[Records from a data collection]
[Start of Attachment]

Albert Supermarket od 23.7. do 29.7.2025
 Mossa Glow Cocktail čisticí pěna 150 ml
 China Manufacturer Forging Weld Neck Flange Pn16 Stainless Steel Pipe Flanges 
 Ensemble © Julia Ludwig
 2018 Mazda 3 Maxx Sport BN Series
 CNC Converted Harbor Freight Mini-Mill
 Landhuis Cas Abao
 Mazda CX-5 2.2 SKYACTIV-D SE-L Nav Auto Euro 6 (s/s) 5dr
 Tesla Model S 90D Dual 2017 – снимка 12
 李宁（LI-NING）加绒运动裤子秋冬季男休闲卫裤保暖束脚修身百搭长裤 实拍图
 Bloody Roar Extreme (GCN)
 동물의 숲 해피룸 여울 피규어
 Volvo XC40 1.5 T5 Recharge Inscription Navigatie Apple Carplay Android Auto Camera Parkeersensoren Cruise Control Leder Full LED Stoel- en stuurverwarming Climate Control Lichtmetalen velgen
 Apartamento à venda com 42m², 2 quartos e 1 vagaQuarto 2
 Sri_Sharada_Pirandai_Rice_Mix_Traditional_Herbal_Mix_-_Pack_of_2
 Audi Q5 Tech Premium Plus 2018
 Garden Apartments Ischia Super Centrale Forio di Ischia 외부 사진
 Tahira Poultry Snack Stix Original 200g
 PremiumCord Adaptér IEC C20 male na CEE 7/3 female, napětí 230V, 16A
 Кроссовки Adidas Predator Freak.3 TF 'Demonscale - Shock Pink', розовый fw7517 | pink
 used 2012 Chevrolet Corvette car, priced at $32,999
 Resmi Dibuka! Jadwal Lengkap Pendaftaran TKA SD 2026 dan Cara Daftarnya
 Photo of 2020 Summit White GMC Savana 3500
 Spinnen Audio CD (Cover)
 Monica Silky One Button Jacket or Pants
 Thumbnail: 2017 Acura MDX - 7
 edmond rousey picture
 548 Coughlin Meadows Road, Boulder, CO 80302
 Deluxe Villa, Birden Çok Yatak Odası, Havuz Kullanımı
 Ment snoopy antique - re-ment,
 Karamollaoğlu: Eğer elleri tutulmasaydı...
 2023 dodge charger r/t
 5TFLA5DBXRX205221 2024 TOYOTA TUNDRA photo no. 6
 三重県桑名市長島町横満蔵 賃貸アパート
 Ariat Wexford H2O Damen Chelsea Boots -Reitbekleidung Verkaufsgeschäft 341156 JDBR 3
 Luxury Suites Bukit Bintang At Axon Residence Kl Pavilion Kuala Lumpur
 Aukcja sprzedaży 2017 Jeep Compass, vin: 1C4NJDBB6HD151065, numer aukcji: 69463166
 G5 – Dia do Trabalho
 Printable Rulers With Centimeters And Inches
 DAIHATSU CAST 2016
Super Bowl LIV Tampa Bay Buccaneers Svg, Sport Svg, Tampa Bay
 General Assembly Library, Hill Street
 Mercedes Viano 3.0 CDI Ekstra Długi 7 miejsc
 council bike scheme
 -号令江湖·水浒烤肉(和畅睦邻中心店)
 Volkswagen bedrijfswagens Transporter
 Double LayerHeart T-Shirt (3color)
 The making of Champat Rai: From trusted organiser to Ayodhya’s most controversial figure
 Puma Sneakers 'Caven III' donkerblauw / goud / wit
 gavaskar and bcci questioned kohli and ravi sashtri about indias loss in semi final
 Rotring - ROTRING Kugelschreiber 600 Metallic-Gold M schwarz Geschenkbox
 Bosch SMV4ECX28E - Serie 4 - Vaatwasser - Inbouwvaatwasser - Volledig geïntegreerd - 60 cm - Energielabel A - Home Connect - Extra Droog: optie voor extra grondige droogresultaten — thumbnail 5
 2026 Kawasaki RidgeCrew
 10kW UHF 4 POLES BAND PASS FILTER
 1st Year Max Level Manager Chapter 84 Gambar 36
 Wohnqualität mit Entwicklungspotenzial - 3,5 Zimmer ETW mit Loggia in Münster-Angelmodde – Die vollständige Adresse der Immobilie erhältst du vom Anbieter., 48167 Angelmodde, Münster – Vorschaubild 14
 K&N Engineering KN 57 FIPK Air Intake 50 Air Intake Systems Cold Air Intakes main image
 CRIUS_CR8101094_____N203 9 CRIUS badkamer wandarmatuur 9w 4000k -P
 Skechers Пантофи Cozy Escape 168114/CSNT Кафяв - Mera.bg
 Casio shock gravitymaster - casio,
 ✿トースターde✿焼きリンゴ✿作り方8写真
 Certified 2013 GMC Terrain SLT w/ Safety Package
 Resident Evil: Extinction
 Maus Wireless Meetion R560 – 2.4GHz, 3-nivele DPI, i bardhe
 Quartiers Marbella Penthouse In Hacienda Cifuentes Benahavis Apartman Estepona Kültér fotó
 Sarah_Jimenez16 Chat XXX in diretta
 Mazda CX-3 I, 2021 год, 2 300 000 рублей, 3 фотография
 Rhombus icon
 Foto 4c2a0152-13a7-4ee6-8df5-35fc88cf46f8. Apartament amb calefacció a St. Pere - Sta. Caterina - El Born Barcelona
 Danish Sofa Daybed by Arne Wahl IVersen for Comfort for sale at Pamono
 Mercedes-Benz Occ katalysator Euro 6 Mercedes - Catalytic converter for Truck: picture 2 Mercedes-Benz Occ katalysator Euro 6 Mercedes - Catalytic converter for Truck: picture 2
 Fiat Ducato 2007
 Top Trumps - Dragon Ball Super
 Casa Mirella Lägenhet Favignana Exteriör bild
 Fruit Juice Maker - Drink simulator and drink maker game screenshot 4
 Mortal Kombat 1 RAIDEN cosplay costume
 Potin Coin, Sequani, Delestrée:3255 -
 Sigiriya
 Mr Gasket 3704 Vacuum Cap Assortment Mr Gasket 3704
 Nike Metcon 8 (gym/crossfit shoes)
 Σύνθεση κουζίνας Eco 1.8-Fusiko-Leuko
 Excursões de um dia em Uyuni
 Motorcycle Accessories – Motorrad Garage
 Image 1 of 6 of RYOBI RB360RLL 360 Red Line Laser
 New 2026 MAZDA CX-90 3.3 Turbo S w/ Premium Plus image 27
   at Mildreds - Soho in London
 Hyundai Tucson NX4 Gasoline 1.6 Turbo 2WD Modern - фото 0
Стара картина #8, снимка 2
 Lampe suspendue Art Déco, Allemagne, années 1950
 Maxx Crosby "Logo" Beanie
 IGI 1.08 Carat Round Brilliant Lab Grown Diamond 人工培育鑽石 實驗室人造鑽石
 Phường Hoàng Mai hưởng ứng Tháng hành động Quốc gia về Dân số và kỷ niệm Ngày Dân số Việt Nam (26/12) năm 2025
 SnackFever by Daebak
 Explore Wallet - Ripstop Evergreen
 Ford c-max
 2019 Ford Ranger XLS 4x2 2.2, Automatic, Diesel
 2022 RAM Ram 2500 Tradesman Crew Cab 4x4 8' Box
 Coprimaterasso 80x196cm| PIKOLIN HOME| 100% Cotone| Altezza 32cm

[End of Attachment]

Work instructions – Gather each line from the entries above that includes the word "Maxx".

Task solution –
 2018 Mazda 3 Maxx Sport BN Series
 Maxx Crosby "Logo" Beanie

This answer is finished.